Porfido: sull’orlo del baratro
Anni e anni di una gestione delle cave degne del Far West e la crisi sta affondando il settore. Il bisogno di regole finalmente rispettate e di un ruolo attivo della Provincia.
Sono trascorsi quasi tre anni (vedi QT del febbraio 2012) da quando ci siamo occupati delle cave di porfido in Valle di Cembra e di una crisi che stava solo iniziando a manifestare i suoi primi effetti, oggi ben evidenti in tutta la loro gravità.
Stiamo parlando di un settore che, secondo dati diffusi dalla Fillea-CGIL in un recente convegno ad Albiano, ha visto scendere il numero di addetti dai 1500 del 1990 ai circa 500 attuali, la maggior parte dei quali lavora, tra l’altro, in modo discontinuo e precario.

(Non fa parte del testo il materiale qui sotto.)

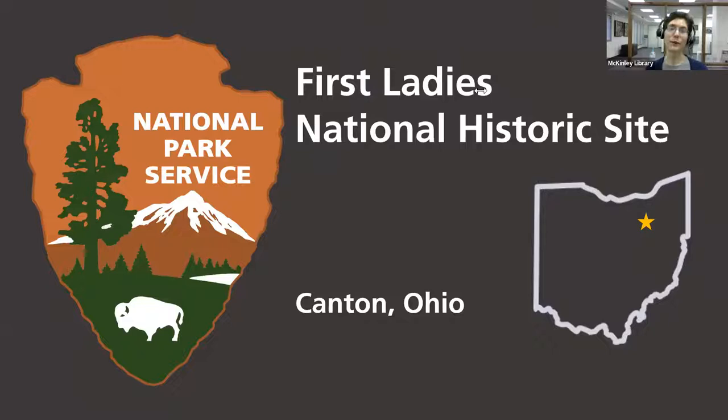Welcome everyone, thank you so much for joining us. My name is Audra and I work at the McKinley Memorial Library. With us tonight is Rebecca Nags, who serves as a park guide at the First Lady's National Historic Site in Canton, Ohio. As a park guide, Rebecca works with the public through programming, house tours — which we're going to be doing tonight — educational programming for students, and community outreach, which we're also doing tonight.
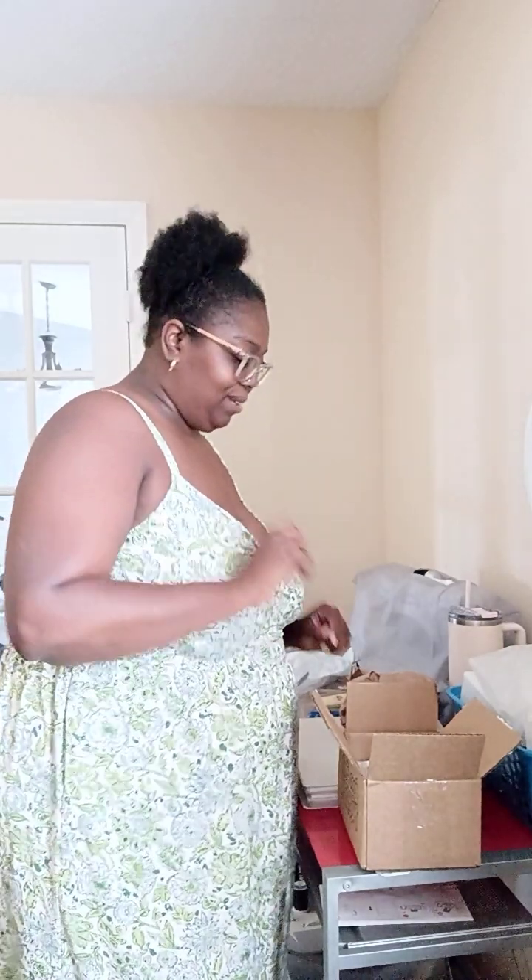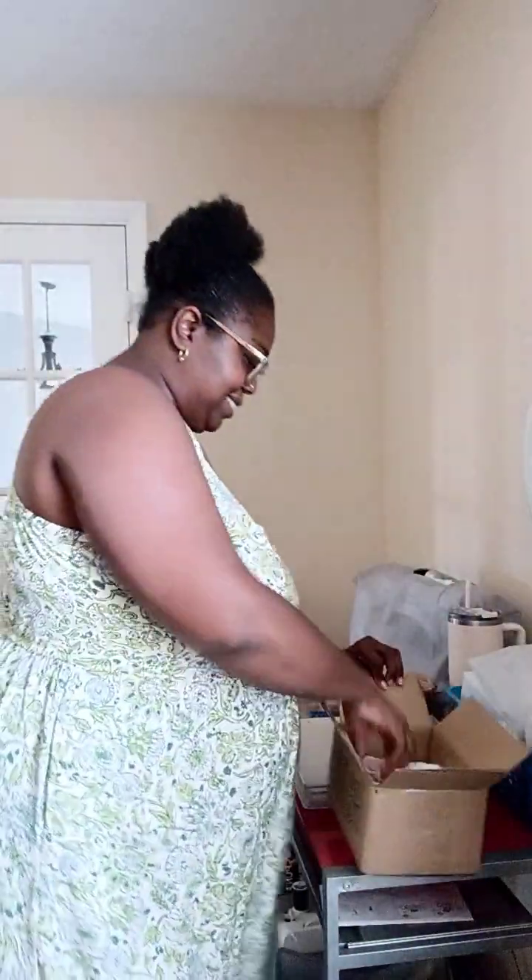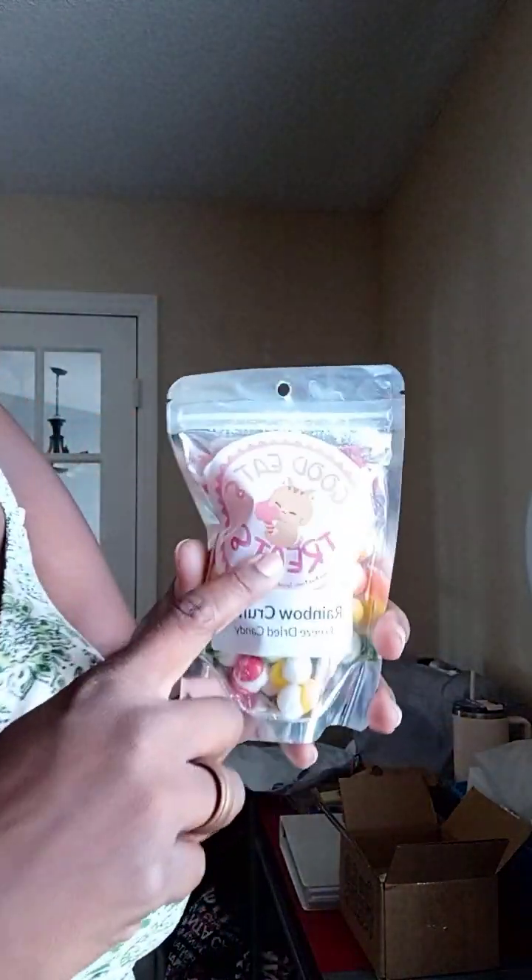He gave me some extras! I've got to make sure I write him and tell him thank you. Wow, he is so giving — I really appreciate it. Look guys, I'm going to show you individually. So first we have the rainbow crunch freeze-dried candy. I love this logo — it says 'Goodies' and it has a little cat on there. The cat looks like it's about to eat some ice cream. I thought that was just so cute!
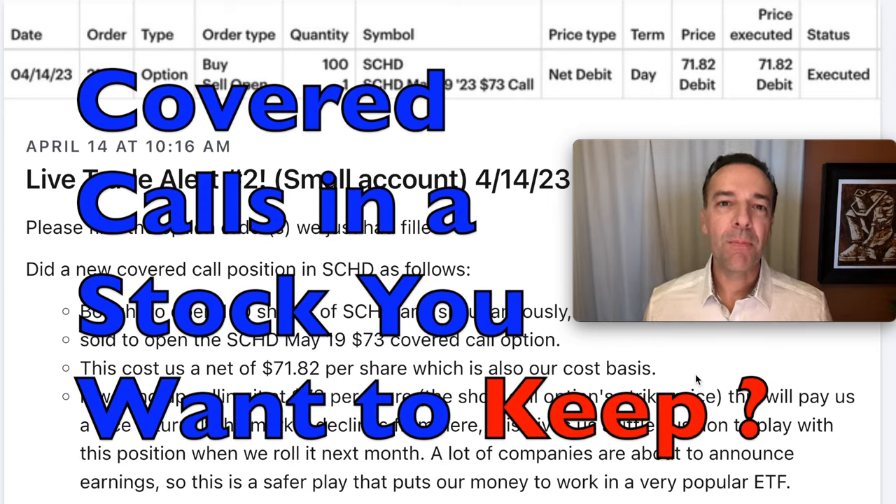In the first part of this video, I'm going to share a position with you in the ETF SCHD. It's a position that we're neutral to bullish on and we like to stick with this position for quite a while. It'll be a nice example of how to trade covered call options against a stock or ETF that you'd like to own for the long term.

Nello stesso periodo si è registrato anche un calo del 39% della quantità prodotta e del 35% per quanto riguarda il valore della produzione; per completare il quadro, il 2015 si dovrebbe chiudere, salvo improbabili sorprese, con una ulteriore contrazione del 15% sul fatturato.
Da sole queste cifre sono sufficienti a cancellare anche il ricordo di un settore che non ha mai avuto bisogno di particolari strategie di marketing per vendere i propri prodotti, tanto da crogiolarsi per anni in un immobilismo miope.
L’idea che la crisi potesse solo lambire la Valle di Cembra, fatta propria anche da molti lavoratori, magari nella speranza che avrebbe comunque riguardato prevalentemente la manodopera immigrata o, nella peggiore delle ipotesi, qualche azienda già barcollante, ha lasciato il posto ad un misto di incredulità e di fatalismo.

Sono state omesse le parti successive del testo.